EXERCISE DETAILS: Every record must be retyped exactly as it reads.

Source data:
++++++++
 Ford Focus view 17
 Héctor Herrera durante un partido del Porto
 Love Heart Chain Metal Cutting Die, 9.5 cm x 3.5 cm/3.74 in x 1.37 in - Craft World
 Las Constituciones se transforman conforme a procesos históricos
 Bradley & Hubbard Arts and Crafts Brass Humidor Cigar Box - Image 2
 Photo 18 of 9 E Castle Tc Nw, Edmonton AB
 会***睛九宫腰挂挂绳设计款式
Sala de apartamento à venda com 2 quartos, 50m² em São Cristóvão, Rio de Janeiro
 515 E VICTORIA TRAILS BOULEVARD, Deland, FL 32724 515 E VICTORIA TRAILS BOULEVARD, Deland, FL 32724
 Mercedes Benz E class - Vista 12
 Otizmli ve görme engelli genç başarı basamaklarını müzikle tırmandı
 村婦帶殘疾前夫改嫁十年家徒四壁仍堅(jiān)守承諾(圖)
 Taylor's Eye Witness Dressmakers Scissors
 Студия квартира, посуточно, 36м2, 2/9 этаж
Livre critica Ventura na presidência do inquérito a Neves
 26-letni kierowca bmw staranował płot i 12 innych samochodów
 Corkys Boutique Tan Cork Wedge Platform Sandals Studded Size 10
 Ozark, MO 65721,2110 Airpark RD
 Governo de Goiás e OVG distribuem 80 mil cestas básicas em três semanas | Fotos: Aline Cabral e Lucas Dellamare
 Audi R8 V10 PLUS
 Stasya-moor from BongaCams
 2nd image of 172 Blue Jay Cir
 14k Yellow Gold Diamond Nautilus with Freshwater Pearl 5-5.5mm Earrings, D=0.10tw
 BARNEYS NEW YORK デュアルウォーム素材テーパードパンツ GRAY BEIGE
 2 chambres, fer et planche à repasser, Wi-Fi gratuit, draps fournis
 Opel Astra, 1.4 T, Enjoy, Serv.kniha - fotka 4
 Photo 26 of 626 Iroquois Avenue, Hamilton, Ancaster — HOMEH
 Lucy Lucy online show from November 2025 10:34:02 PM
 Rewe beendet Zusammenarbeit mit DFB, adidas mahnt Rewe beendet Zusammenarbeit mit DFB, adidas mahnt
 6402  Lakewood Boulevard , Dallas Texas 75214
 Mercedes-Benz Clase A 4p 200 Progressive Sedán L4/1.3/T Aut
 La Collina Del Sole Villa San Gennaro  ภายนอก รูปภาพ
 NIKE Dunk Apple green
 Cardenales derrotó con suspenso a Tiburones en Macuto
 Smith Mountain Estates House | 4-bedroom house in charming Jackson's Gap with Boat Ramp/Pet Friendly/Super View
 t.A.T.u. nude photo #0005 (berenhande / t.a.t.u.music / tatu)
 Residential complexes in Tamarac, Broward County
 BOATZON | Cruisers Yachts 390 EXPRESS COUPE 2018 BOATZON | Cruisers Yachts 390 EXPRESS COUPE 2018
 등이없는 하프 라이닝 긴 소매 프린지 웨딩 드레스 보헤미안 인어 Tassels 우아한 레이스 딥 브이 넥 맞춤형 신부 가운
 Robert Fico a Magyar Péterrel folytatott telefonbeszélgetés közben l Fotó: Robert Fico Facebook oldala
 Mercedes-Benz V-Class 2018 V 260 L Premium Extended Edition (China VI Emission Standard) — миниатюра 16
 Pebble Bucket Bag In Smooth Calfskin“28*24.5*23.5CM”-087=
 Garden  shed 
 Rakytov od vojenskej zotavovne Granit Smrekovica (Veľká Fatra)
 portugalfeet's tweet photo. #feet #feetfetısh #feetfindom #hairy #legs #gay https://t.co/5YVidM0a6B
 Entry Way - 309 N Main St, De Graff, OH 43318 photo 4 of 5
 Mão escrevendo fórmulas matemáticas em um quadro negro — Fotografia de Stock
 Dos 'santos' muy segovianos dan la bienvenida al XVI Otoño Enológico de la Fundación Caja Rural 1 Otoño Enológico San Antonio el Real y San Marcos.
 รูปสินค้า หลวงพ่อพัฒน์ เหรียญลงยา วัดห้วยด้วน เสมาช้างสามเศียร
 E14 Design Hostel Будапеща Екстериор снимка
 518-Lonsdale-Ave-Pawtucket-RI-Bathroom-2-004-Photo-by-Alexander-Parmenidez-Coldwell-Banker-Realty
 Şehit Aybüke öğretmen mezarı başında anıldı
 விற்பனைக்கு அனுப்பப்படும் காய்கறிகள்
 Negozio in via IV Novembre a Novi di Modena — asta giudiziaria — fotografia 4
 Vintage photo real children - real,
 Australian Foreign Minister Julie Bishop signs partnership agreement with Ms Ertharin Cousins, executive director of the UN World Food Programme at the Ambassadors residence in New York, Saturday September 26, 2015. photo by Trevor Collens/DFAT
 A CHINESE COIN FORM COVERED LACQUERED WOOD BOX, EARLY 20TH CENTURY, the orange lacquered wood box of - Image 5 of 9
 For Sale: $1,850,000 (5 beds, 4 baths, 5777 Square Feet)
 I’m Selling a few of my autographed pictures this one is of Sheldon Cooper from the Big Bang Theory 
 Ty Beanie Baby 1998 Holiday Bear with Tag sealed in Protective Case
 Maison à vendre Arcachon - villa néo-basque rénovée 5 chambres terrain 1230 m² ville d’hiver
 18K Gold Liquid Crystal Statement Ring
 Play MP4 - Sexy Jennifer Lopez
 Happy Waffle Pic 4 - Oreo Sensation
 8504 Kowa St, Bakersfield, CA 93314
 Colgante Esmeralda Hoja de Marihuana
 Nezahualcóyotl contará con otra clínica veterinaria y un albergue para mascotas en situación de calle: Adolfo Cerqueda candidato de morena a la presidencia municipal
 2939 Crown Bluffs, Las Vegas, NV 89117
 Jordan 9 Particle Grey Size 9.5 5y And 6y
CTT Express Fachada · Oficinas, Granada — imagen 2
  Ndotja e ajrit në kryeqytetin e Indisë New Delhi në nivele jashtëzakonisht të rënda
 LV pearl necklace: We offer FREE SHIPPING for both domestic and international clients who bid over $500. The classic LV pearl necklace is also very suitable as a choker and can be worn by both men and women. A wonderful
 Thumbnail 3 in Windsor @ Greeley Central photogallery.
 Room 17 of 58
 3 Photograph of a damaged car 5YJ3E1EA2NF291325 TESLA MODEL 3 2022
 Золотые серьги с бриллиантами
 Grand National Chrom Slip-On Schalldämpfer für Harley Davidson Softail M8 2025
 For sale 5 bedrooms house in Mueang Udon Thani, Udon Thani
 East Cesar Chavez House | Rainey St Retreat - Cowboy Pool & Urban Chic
++++++++
RESPONSE AREA:
 Ford Focus view 17
 Héctor Herrera durante un partido del Porto
 Love Heart Chain Metal Cutting Die, 9.5 cm x 3.5 cm/3.74 in x 1.37 in - Craft World
 Las Constituciones se transforman conforme a procesos históricos
 Bradley & Hubbard Arts and Crafts Brass Humidor Cigar Box - Image 2
 Photo 18 of 9 E Castle Tc Nw, Edmonton AB
 会***睛九宫腰挂挂绳设计款式
Sala de apartamento à venda com 2 quartos, 50m² em São Cristóvão, Rio de Janeiro
 515 E VICTORIA TRAILS BOULEVARD, Deland, FL 32724 515 E VICTORIA TRAILS BOULEVARD, Deland, FL 32724
 Mercedes Benz E class - Vista 12
 Otizmli ve görme engelli genç başarı basamaklarını müzikle tırmandı
 村婦帶殘疾前夫改嫁十年家徒四壁仍堅(jiān)守承諾(圖)
 Taylor's Eye Witness Dressmakers Scissors
 Студия квартира, посуточно, 36м2, 2/9 этаж
Livre critica Ventura na presidência do inquérito a Neves
 26-letni kierowca bmw staranował płot i 12 innych samochodów
 Corkys Boutique Tan Cork Wedge Platform Sandals Studded Size 10
 Ozark, MO 65721,2110 Airpark RD
 Governo de Goiás e OVG distribuem 80 mil cestas básicas em três semanas | Fotos: Aline Cabral e Lucas Dellamare
 Audi R8 V10 PLUS
 Stasya-moor from BongaCams
 2nd image of 172 Blue Jay Cir
 14k Yellow Gold Diamond Nautilus with Freshwater Pearl 5-5.5mm Earrings, D=0.10tw
 BARNEYS NEW YORK デュアルウォーム素材テーパードパンツ GRAY BEIGE
 2 chambres, fer et planche à repasser, Wi-Fi gratuit, draps fournis
 Opel Astra, 1.4 T, Enjoy, Serv.kniha - fotka 4
 Photo 26 of 626 Iroquois Avenue, Hamilton, Ancaster — HOMEH
 Lucy Lucy online show from November 2025 10:34:02 PM
 Rewe beendet Zusammenarbeit mit DFB, adidas mahnt Rewe beendet Zusammenarbeit mit DFB, adidas mahnt
 6402  Lakewood Boulevard , Dallas Texas 75214
 Mercedes-Benz Clase A 4p 200 Progressive Sedán L4/1.3/T Aut
 La Collina Del Sole Villa San Gennaro  ภายนอก รูปภาพ
 NIKE Dunk Apple green
 Cardenales derrotó con suspenso a Tiburones en Macuto
 Smith Mountain Estates House | 4-bedroom house in charming Jackson's Gap with Boat Ramp/Pet Friendly/Super View
 t.A.T.u. nude photo #0005 (berenhande / t.a.t.u.music / tatu)
 Residential complexes in Tamarac, Broward County
 BOATZON | Cruisers Yachts 390 EXPRESS COUPE 2018 BOATZON | Cruisers Yachts 390 EXPRESS COUPE 2018
 등이없는 하프 라이닝 긴 소매 프린지 웨딩 드레스 보헤미안 인어 Tassels 우아한 레이스 딥 브이 넥 맞춤형 신부 가운
 Robert Fico a Magyar Péterrel folytatott telefonbeszélgetés közben l Fotó: Robert Fico Facebook oldala
 Mercedes-Benz V-Class 2018 V 260 L Premium Extended Edition (China VI Emission Standard) — миниатюра 16
 Pebble Bucket Bag In Smooth Calfskin“28*24.5*23.5CM”-087=
 Garden  shed 
 Rakytov od vojenskej zotavovne Granit Smrekovica (Veľká Fatra)
 portugalfeet's tweet photo. #feet #feetfetısh #feetfindom #hairy #legs #gay https://t.co/5YVidM0a6B
 Entry Way - 309 N Main St, De Graff, OH 43318 photo 4 of 5
 Mão escrevendo fórmulas matemáticas em um quadro negro — Fotografia de Stock
 Dos 'santos' muy segovianos dan la bienvenida al XVI Otoño Enológico de la Fundación Caja Rural 1 Otoño Enológico San Antonio el Real y San Marcos.
 รูปสินค้า หลวงพ่อพัฒน์ เหรียญลงยา วัดห้วยด้วน เสมาช้างสามเศียร
 E14 Design Hostel Будапеща Екстериор снимка
 518-Lonsdale-Ave-Pawtucket-RI-Bathroom-2-004-Photo-by-Alexander-Parmenidez-Coldwell-Banker-Realty
 Şehit Aybüke öğretmen mezarı başında anıldı
 விற்பனைக்கு அனுப்பப்படும் காய்கறிகள்
 Negozio in via IV Novembre a Novi di Modena — asta giudiziaria — fotografia 4
 Vintage photo real children - real,
 Australian Foreign Minister Julie Bishop signs partnership agreement with Ms Ertharin Cousins, executive director of the UN World Food Programme at the Ambassadors residence in New York, Saturday September 26, 2015. photo by Trevor Collens/DFAT
 A CHINESE COIN FORM COVERED LACQUERED WOOD BOX, EARLY 20TH CENTURY, the orange lacquered wood box of - Image 5 of 9
 For Sale: $1,850,000 (5 beds, 4 baths, 5777 Square Feet)
 I’m Selling a few of my autographed pictures this one is of Sheldon Cooper from the Big Bang Theory 
 Ty Beanie Baby 1998 Holiday Bear with Tag sealed in Protective Case
 Maison à vendre Arcachon - villa néo-basque rénovée 5 chambres terrain 1230 m² ville d’hiver
 18K Gold Liquid Crystal Statement Ring
 Play MP4 - Sexy Jennifer Lopez
 Happy Waffle Pic 4 - Oreo Sensation
 8504 Kowa St, Bakersfield, CA 93314
 Colgante Esmeralda Hoja de Marihuana
 Nezahualcóyotl contará con otra clínica veterinaria y un albergue para mascotas en situación de calle: Adolfo Cerqueda candidato de morena a la presidencia municipal
 2939 Crown Bluffs, Las Vegas, NV 89117
 Jordan 9 Particle Grey Size 9.5 5y And 6y
CTT Express Fachada · Oficinas, Granada — imagen 2
  Ndotja e ajrit në kryeqytetin e Indisë New Delhi në nivele jashtëzakonisht të rënda
 LV pearl necklace: We offer FREE SHIPPING for both domestic and international clients who bid over $500. The classic LV pearl necklace is also very suitable as a choker and can be worn by both men and women. A wonderful
 Thumbnail 3 in Windsor @ Greeley Central photogallery.
 Room 17 of 58
 3 Photograph of a damaged car 5YJ3E1EA2NF291325 TESLA MODEL 3 2022
 Золотые серьги с бриллиантами
 Grand National Chrom Slip-On Schalldämpfer für Harley Davidson Softail M8 2025
 For sale 5 bedrooms house in Mueang Udon Thani, Udon Thani
 East Cesar Chavez House | Rainey St Retreat - Cowboy Pool & Urban Chic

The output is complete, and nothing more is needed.